Neural Network Architecture: Criteria for Choosing the Number and Size of Hidden Layers

1. Overview

In this tutorial, we’ll study methods for determining the number and sizes of the hidden layers in a neural network.

First, we’ll frame this topic in terms of complexity theory. This will let us analyze the subject incrementally, by building up network architectures that become more complex as the problem they tackle increases in complexity.

Then, we’ll distinguish between theoretically-grounded methods and heuristics for determining the number and sizes of hidden layers.

At the end of this tutorial, we’ll know how to determine what network architecture we should use to solve a given task.

2. Neural Networks and Dimensionality

2.1. The Complexity of Problems and Networks

In our articles on the advantages and disadvantages of neural networks, we discussed the idea that neural networks that solve a problem embody in some manner the complexity of that problem. Therefore, as the problem’s complexity increases, the minimal complexity of the neural network that solves it also does.

Intuitively, we can express this idea as follows. First, we indicate with $C(p)$ some complexity measure of the problem $p$ , and with $C(N)$ the same complexity measure for the neural network $N$ . We can then reformulate this statement as:

$\forall{(p_1, p_2)}\ \forall{(N_1, N_2)}: C(p_1) < C(p_2) \to C(N_1) < C(N_2)$

This statement tells us that, if we had some criteria for comparing the complexity between any two problems, we’d be able to put in an ordered relationship the complexity of the neural networks that solve them.

This is a special application for computer science of a more general, well-established belief in complexity and systems theory. As an environment becomes more complex, a cognitive system that’s embedded in it also becomes more complex.

2.2. Complexity and Curse of Dimensionality

One typical measure for complexity in a machine learning model consists of the dimensionality $|\Theta|$ of its parameters $\Theta$ . This is because the computational cost for backpropagation, in particular, non-linear activation functions, increases rapidly even for small increases of $|\Theta|$ .

This leads to a problem that we call the curse of dimensionality for neural networks. Some network architectures, such as convolutional neural networks, specifically tackle this problem by exploiting the linear dependency of the input features. Some others, however, such as neural networks for regression, can’t take advantage of this.

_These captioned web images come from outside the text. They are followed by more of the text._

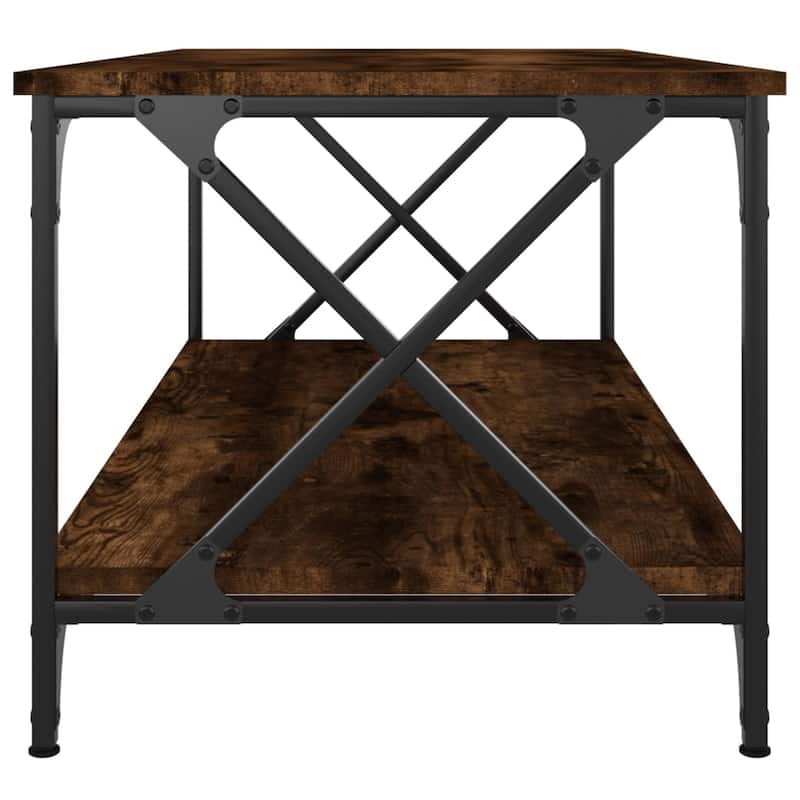 vidaXL Coffee Table Accent Side Table for Living Room Engineered Wood and Iron - 39.4" x 19.7" x 17.7" (L x W x H)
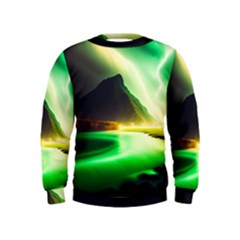 Aurora Lake Neon Colorful Kids  Sweatshirt by Bangk1t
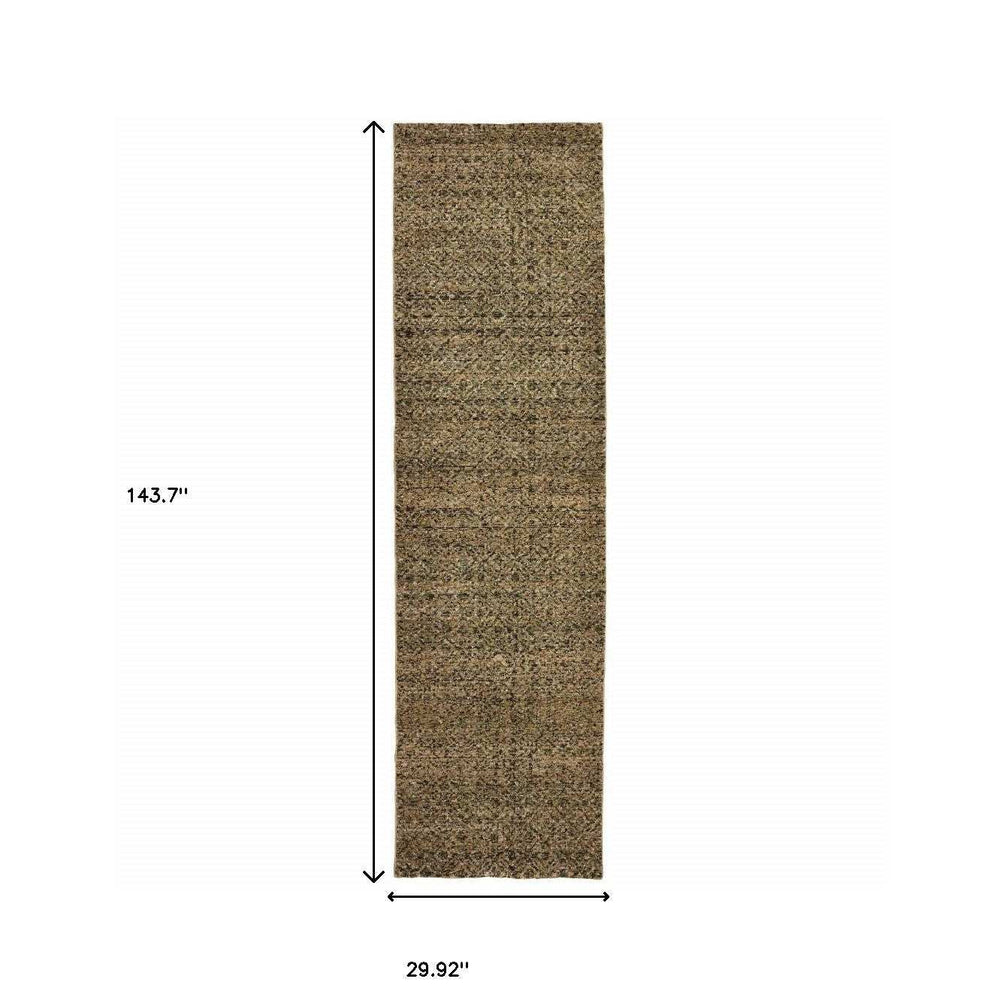 12' Runner Brown Geometric Power Loom Runner Rug - Homeroots - Flyclothing LLC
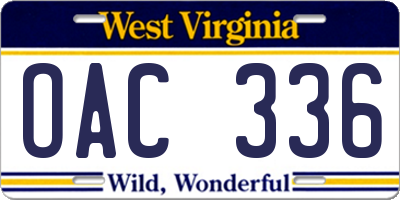WV license plate OAC336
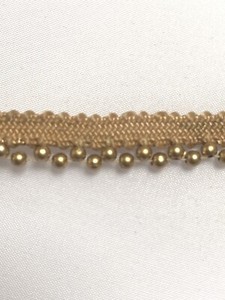 ATTRACTIVE ETHNIC INDIAN TINY ROSE GOLD BEADED RIBBON LACE TRIM SOLD by METRE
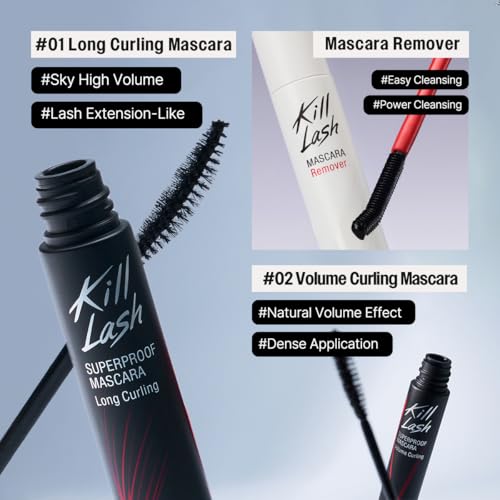 Image of CLIO Kill Lash Superproof Mascara Holiday Gift Set, Waterproof Lash with Long Curling, Volume Curling Mini and Remover, Smudge-Resistant Long Wear, Safe for Sensitive Eyes (001 + 002 Mini + Remover)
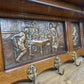 Coat Rack Vintage French Oak 6 Brass Hooks Wall Shelf Coat Hanger LOT 6552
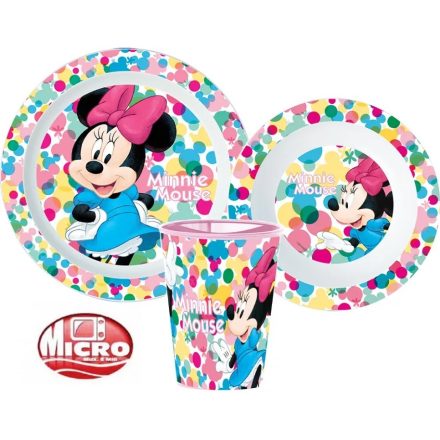 Disney Minnie étkészlet, micro műanyag szett, pohárral 260 ml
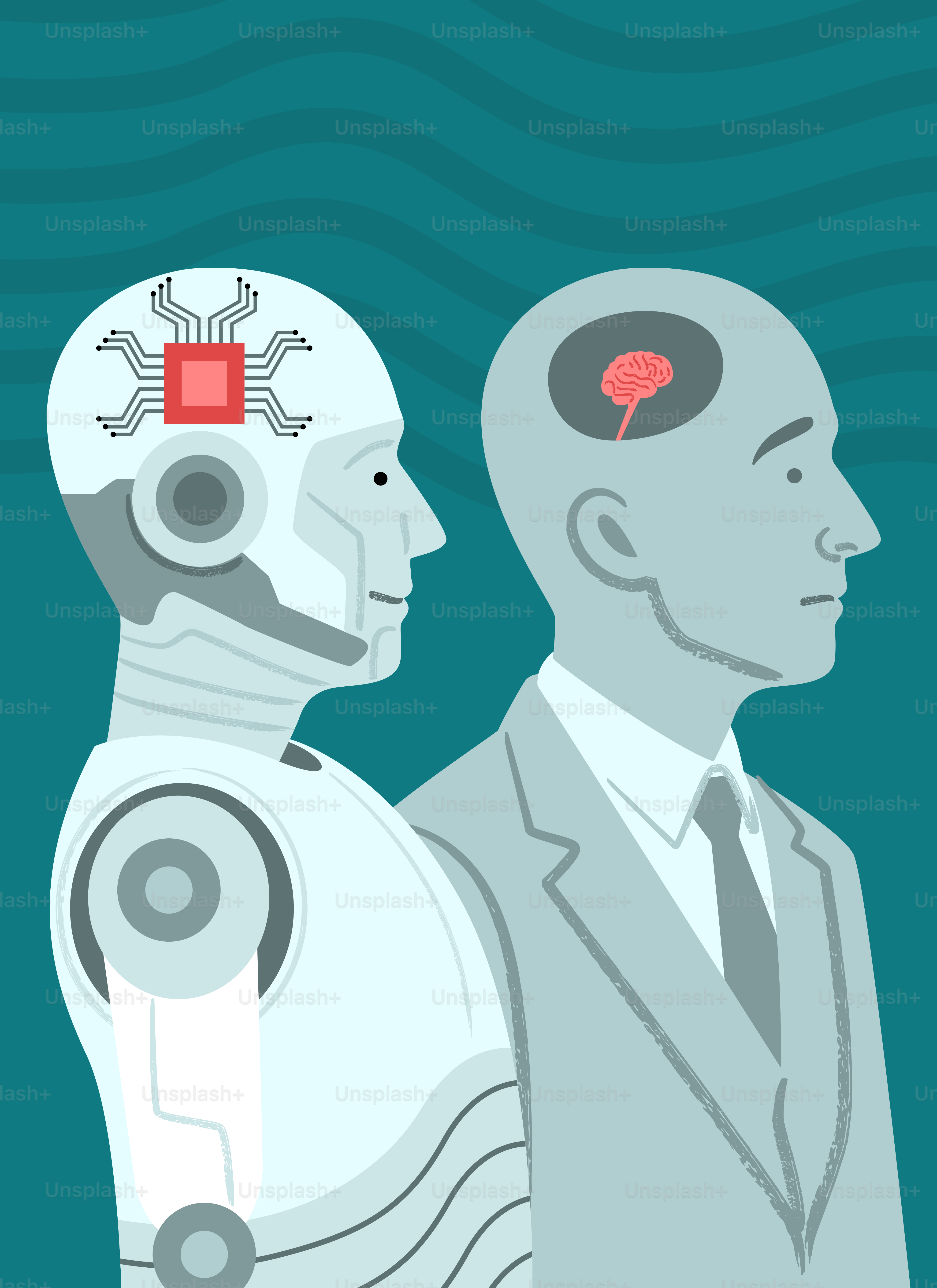 Robot dengan papan sirkuit dan manusia dengan otak.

It’s in this context that it is especially important to identify neural networks of minimal complexity. As long as an architecture solves the problem with minimal computational costs, then that’s the one that we should use. In the following sections, we’ll first see the theoretical predictions that we can make about neural network architectures. Then, if theoretical inference fails, we’ll study some heuristics that can push us further.

3. Neural Networks and Problem Complexity

3.1. The Theoretical Gap in the Literature

In this section, we build upon the relationship between the complexity of problems and neural networks that we gave early. We do so by determining the complexity of neural networks in relation to the incremental complexity of their underlying problems. More concretely, we ask ourselves what the most simple problem that a neural network can solve, and then sequentially find classes of more complex problems and associated architectures is.

This section is also dedicated to addressing an open problem in computer science. There’s an important theoretical gap in the literature on deep neural networks, which relates to the unknown reason for their general capacity to solve most classes of problems. In other words, it’s not yet clear why neural networks function as well as they do.

This article can’t solve the problem either, but we can frame it in such a manner that lets us shed some new light on it. And, incidentally, we’ll also understand how to determine the size and number of hidden layers.

3.2. Degenerate Problems, Degenerate Solutions

The simplest problems are degenerate problems of the form of $y = f(x) = x$ , also known as identities. These problems require a corresponding degenerate solution in the form of a neural network that copies the input, unmodified, to the output:

Simpler problems aren’t problems. Further, neural networks require input and output to exist so that they, themselves, also exist. As a consequence, this means that we need to define at least two vectors, however identical.

3.3. Neural Networks for Linear Separation

A more complex problem is one in which the output doesn’t correspond perfectly to the input, but rather to some linear combination of it. For the case of linear regression, this problem corresponds to the identification of a function $y = f(x, \beta) = \beta \cdot x$ . In here, $\beta$ indicates the parameter vector that includes a bias term $\beta_1$ , and $x$ indicates a feature vector $x = \{x_1, x_2, ..., x_{|x|}\}$ where $x_1 = 1$ .

In the case of binary classification, we can say that the output vector can assume one of the two values $y_1$ or $y_2$ , with $y_1 < y_2$ . Consequently, the problem corresponds to the identification of the same function $f(x, \beta)$ that solves the disequation $y_1 \leq f(x, \beta) \wedge y_2\geq f(x, \beta)$ .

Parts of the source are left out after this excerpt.